On Mon, 13 Oct 2025 at 06:20, Xuneng Zhou <xunengzhou@gmail.com> wrote:
>
> Fix indentation issue in v1.
I did not look at the benchmarks, so here are my code comments.
- I would avoid creating a new scope for the streaming read. While it
makes the streaming code easier to interpret, it introduces a large
diff due to indentation changes.
- I suggest adding the following comment about streaming batching, as
it is used in other places:
/*
* It is safe to use batchmode as block_range_read_stream_cb takes no
* locks.
*/
- For the '/* Scan all blocks except the metapage using streaming
reads */' comments, it might be helpful to clarify that the 0th page
is the metapage. Something like: '/* Scan all blocks except the
metapage (0th page) using streaming reads */'.
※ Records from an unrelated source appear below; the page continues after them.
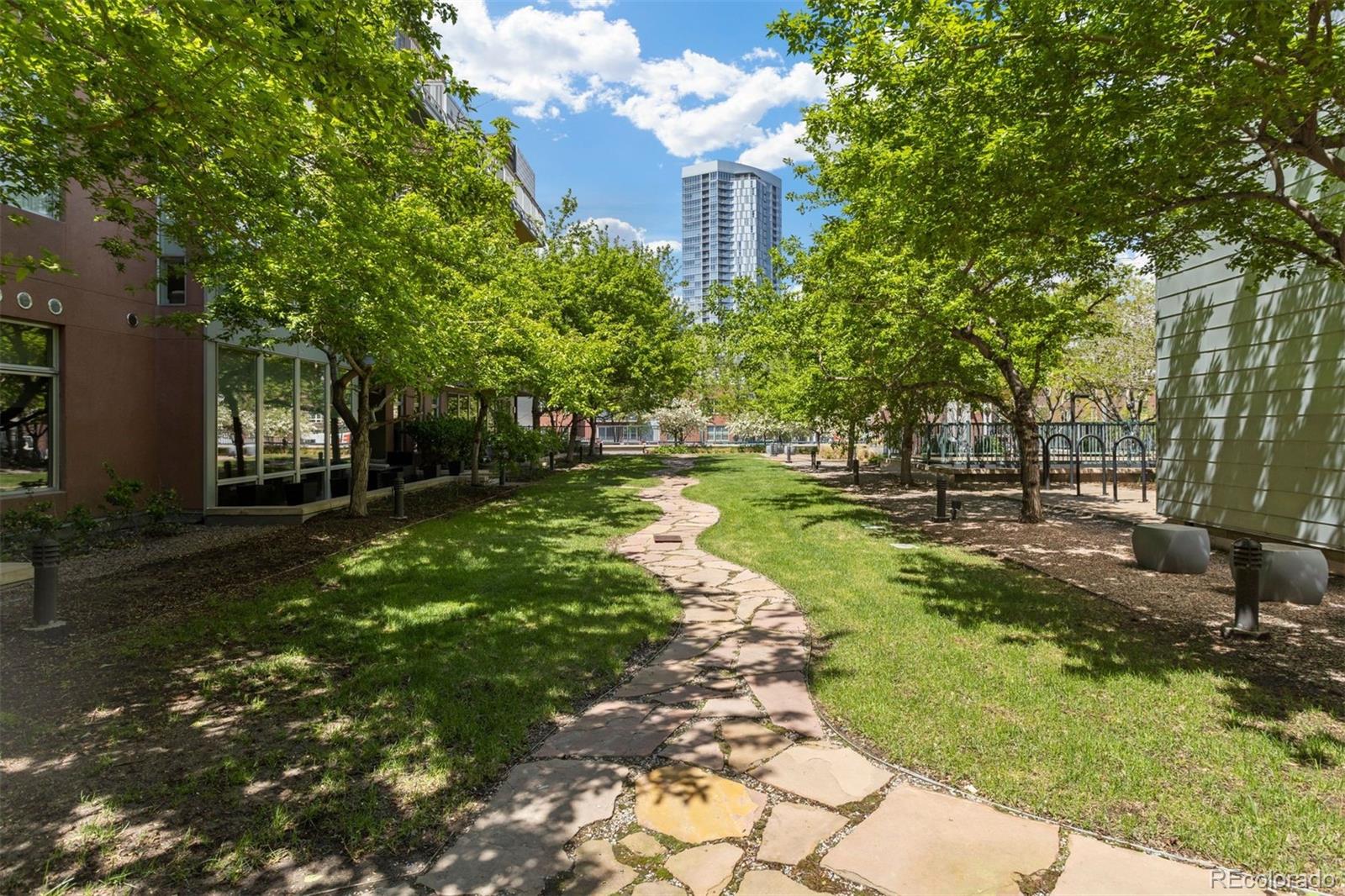 1401 Delgany Street Unit: 403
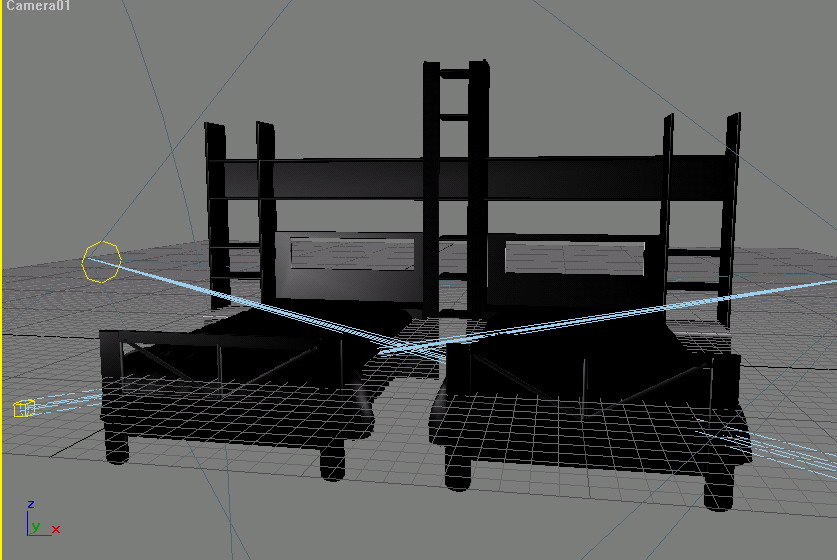 Download Kostenlose 3D-Modelle!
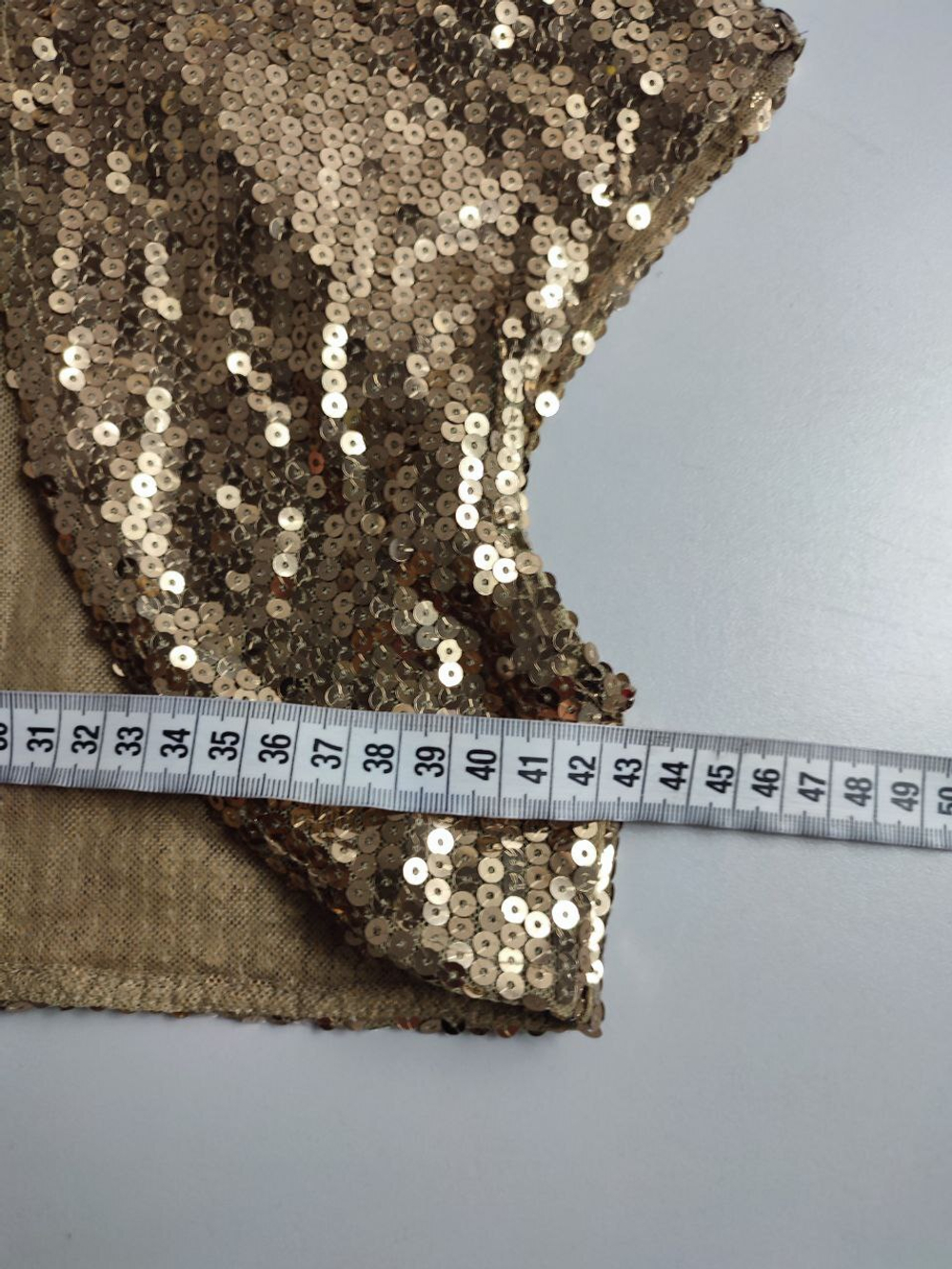 Болеро Reserved стильное 46 размер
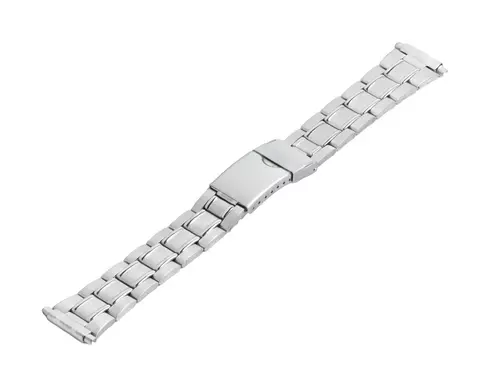 Bransoleta STD Ruchoma Końcówka - 07 Silver 1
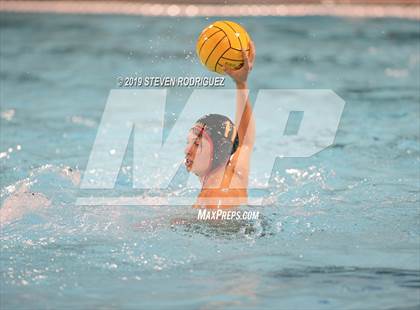 Thumbnail 2 in Northgate vs. Oakdale (CIF Norcal D3 Regional Playoff) photogallery.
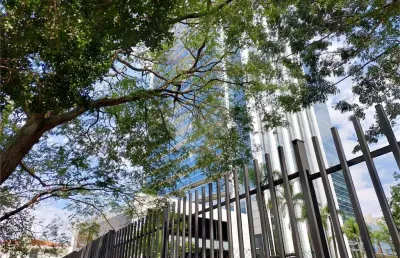 Salas à venda ou para locação em vila cordeiro - sp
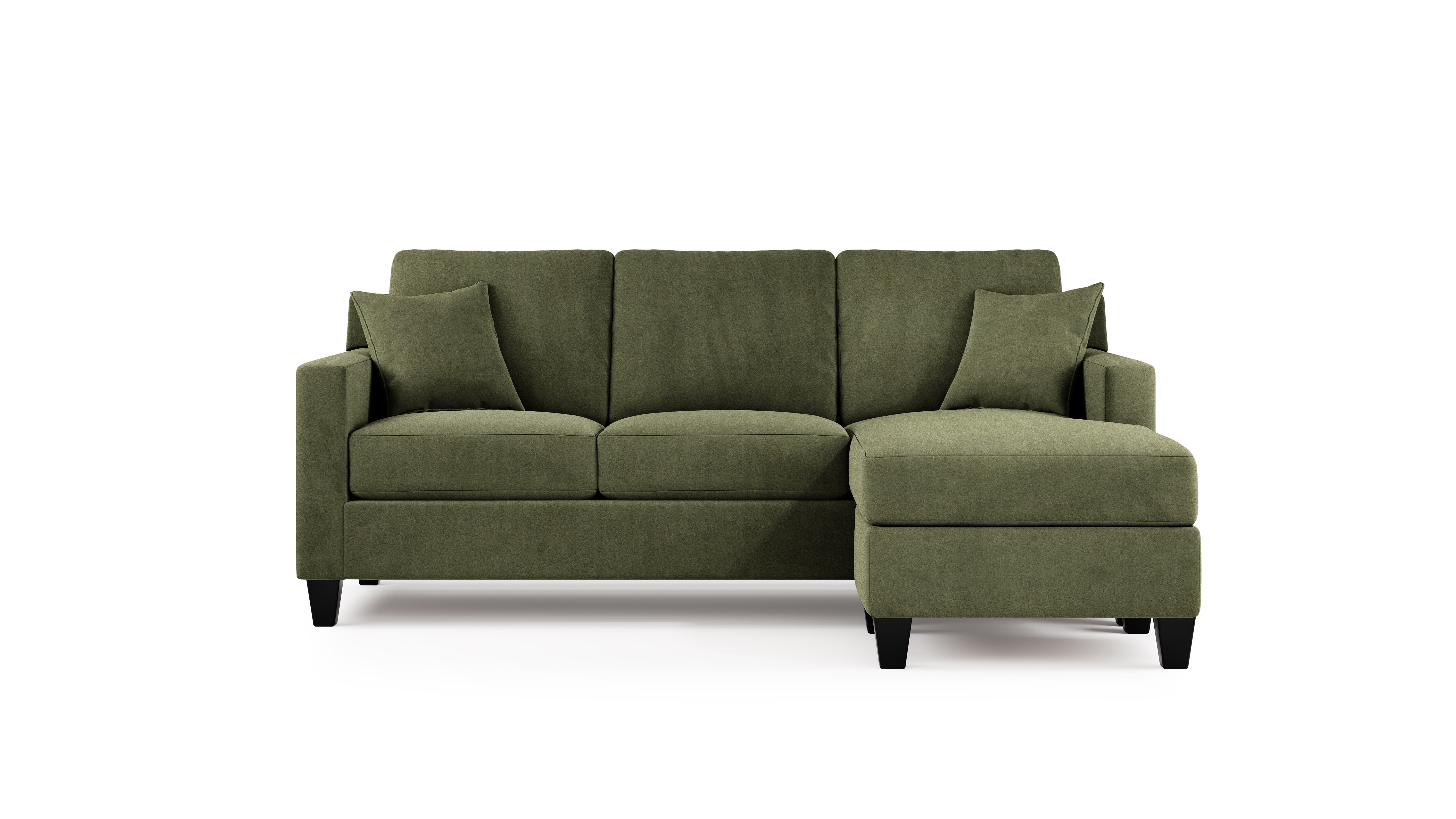 Oliver Reversible Sectional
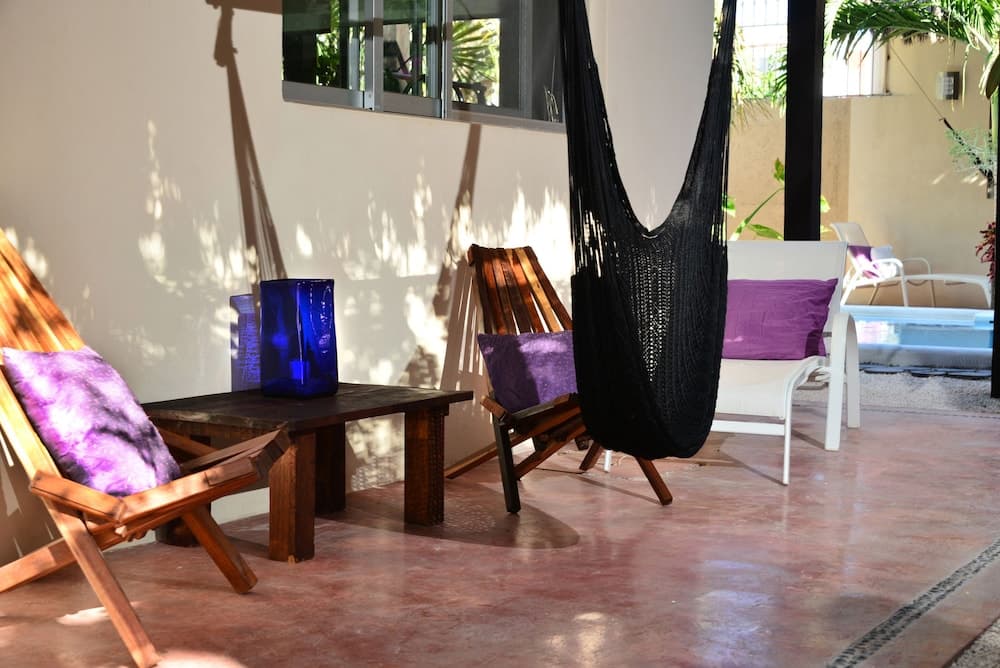 Hotel Boutique Condo Villas Geminis — 13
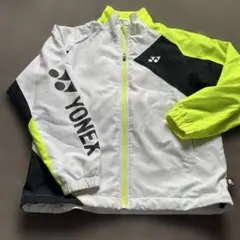 ヨネックス　ウィンドブレーカー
Other than these comments, the code looks good to me.
--
Regards,
Nazir Bilal Yavuz
Microsoft
Hi Bilal,
Thanks for looking into this.
On Mon, Oct 13, 2025 at 3:00 PM Nazir Bilal Yavuz <byavuz81@gmail.com> wrote:
>
> Hi,
>
> Thank you for working on this!
>
> On Mon, 13 Oct 2025 at 06:20, Xuneng Zhou <xunengzhou@gmail.com> wrote:
> >
> > Fix indentation issue in v1.
>
> I did not look at the benchmarks, so here are my code comments.
>
> - I would avoid creating a new scope for the streaming read. While it
> makes the streaming code easier to interpret, it introduces a large
> diff due to indentation changes.
>
> - I suggest adding the following comment about streaming batching, as
> it is used in other places:
>
> /*
> * It is safe to use batchmode as block_range_read_stream_cb takes no
> * locks.
> */
>
> - For the '/* Scan all blocks except the metapage using streaming
> reads */' comments, it might be helpful to clarify that the 0th page
> is the metapage. Something like: '/* Scan all blocks except the
> metapage (0th page) using streaming reads */'.
>
> Other than these comments, the code looks good to me.
>
Here is patch v3. The comments have been added, and the extra scope
({}) has been removed as suggested.
Best,
Xuneng
Вложения
Hi Xuneng Zhou
> - /* Unlock and release buffer */
> - LockBuffer(buffer, BUFFER_LOCK_UNLOCK);
> - ReleaseBuffer(buffer);
> + UnlockReleaseBuffer(buffer);
> }
> - /* Unlock and release buffer */
> - LockBuffer(buffer, BUFFER_LOCK_UNLOCK);
> - ReleaseBuffer(buffer);
> + UnlockReleaseBuffer(buffer);
> }
Thanks for your patch! Just to nitpick a bit — I think this comment is worth keeping, even though the function name already conveys its meaning.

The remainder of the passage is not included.